Bloom had 30 goals and 61 points in 67 games in his post-draft season, solid production for an 18-year-old winger who had missed an entire year of development, and it earned him an entry-level contract with the Sabres. He's followed that up this season with 58 points in 59 games but has particularly thrived since a trade to the North Bay Battalion. 

"Josh is coming in as one of the top players in our league already," said Battalion general manager Adam Dennis after acquiring him. "His speed, tenacity and leadership will complement our room very well. He had laid a great foundation in Saginaw. We feel like you win with players like Josh on your team."

Bloom was the captain of the Spirit before the trade, a sign of his leadership ability, while his skills on the ice make him a dangerous goalscorer. Speed is the calling card of his game, using it both offensively and defensively, with scouts praising his two-way game and penalty killing. He has a league-high four shorthanded goals this season.

"Lots of speed. I’m fast everywhere I play,” said Bloom. “I’m a big body who’s still learning how to use it, but at the same time, I can make an impact offensively and defensively. Whether I’m scoring, whether I’m not, I’ll find ways to impact the game and help the team out."

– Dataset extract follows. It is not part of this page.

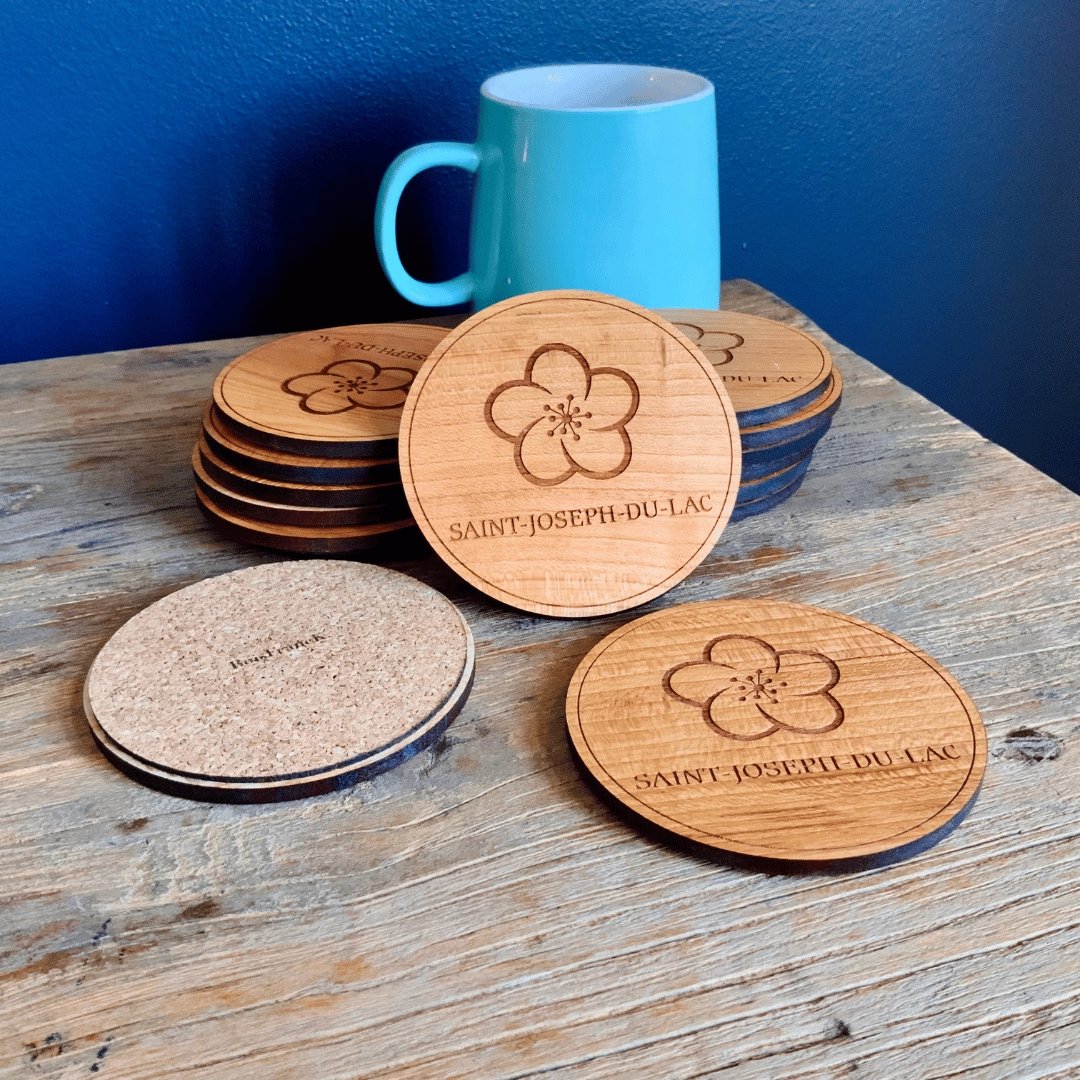 Sous-verres personnalisés en bois pour une municipalité-BoisFrancK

His progression has been noticed.

"It's like he's a completely different player," said a scout quoted in The Hockey News. "The improvements in his game have been immense. There's so much potential in Bloom's game now."

As with any mid-round prospect, Bloom remains a long shot to be an impact player in the NHL but getting a prospect with legitimate potential for a defenceman who has not looked like an NHL player is a big win for the Canucks. 

As an added bonus, the Canucks clear Stillman's $1.35 million cap hit from their books for the remainder of this season and next season.